Furthermore, I like to watch movies. And I like to watch movies with the kids. And sometimes Iusemoviesasababysitter.
Whew, saying that was really hard.
But now for the biggest confession, which isn’t really a confession of a hypocrisy—it’s more of a Laying-Bare-My-Soul type of thing. The first two items I listed are just revealing how I think. I mean, I’m still homeschooling my kids, and no one can really fault me for struggling to discern my way as I teach my children. Muddling through is a given.
But that part about TV and movies, well. I have good reasons for hating the machine (maybe I should write about those next because otherwise you might be thinking that I’m a rebel without a cause), and here I am doing what I hate. Admitting that I like TV is really not all that difficult because all feeling are okay, and at least I’m practicing what I preach: we don’t have one (kind of). But watching movies? How different is that, really, from TV? They both involve staring at a little box.
Oh, and this part is where things get muddy and murky and just plain unsettling. Because what am I doing right now? I’m staring at a little box as I type on this here computer.
Is there really that much difference between TV and movies and the internet and the computer? There are obvious differences, yes, but I am fully (well, okay, at least partially) aware of how many hours of my week are directed at this little screen. How would I, my family, and my community be different if this little box were not a part of my life? Could I go for one week without emailing, blogging, typing, watching DVDs? What about six months?
I could still write, of course. We do have pen and paper, after all.
What would I gain if I gave up this little black (um, actually it’s gray) box? My mother used to say something like: “You must desire to do the right thing. If doing the right thing is your deepest desire, than giving up the bad stuff isn’t as hard.”

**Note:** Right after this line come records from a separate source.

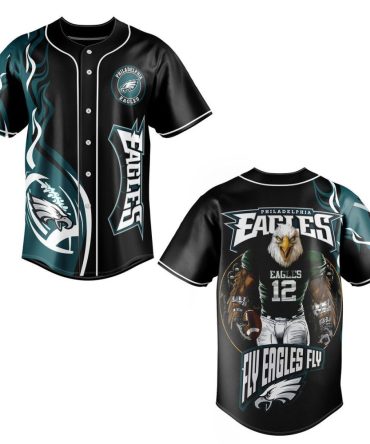 Fly Eagles Fly Jersey - Philadelphia Eagles Fan Baseball Shirt - Bold Graphic Design
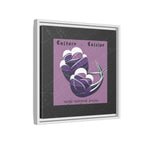 Framed Matte Canvas Print —Mediterranean 'Culture • Cuisine' Abstract Purple Poster Art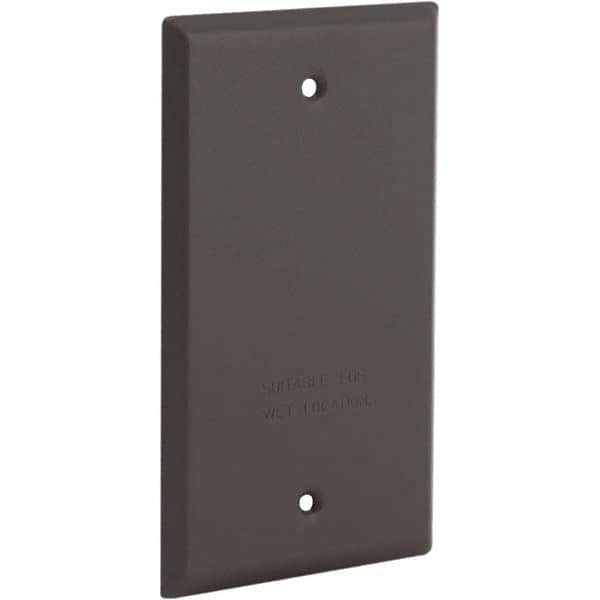 Hubbell-Raco - Weatherproof Box Covers Cover Shape: Rectangle Number of Holes in Outlet: 0 - Caliber Tooling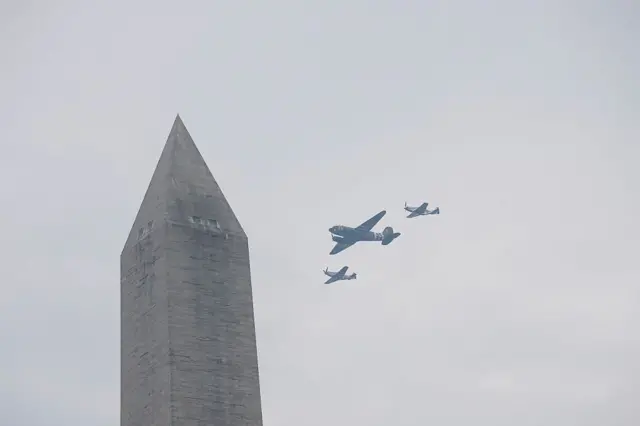Aviones de guerra sobre el espacio aéreo de Washington D.C.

I’m not ready to give it up (and one could argue that I shouldn’t, but let’s leave that argument alone for now), and I probably never will be ready. Not unless I can clearly see the benefits, which would involve drastically creative measures in which I would desperately seek out ways to entertain myself and stave off boredom, such as having people over for dinner, volunteering, or taking a class. I would go outside more (maybe). I would definitely read more.
How much of my life am I missing out on because of this little box?
This post has turned way more pensive than I had originally intended. I’m afraid I’m making myself a tad too vulnerable. Baring my inconsistencies is not all fun and games… Oh no! It just now occurred to me that I have royally floundered my way through this post—now I have done gone and proved that I am not a lady. Rats. My only comfort is that I know none of you can point fingers at me, in regards to the media, since—Ha! Gotcha’!—you are reading this post.
I’m not deciding anything just yet, and I maybe never will. If I don’t, though, then this is not a true confession, since true confessions are supposed to lead to change.
In the meantime, I’m gonna go check facebook and read some other blogs.
Note: The list of things I am two-faced about is really much longer than those measely three points. But I’m pretty worn out after writing about those. I may add to the list at a later date, but please, please be ladylike and refrain from pointing out my hypocrisies for me. As my mother always says, “Remove the log from your own eye before trying to take the speck out of someone else’s eye.” Or did some other great person say that, like maybe Jesus?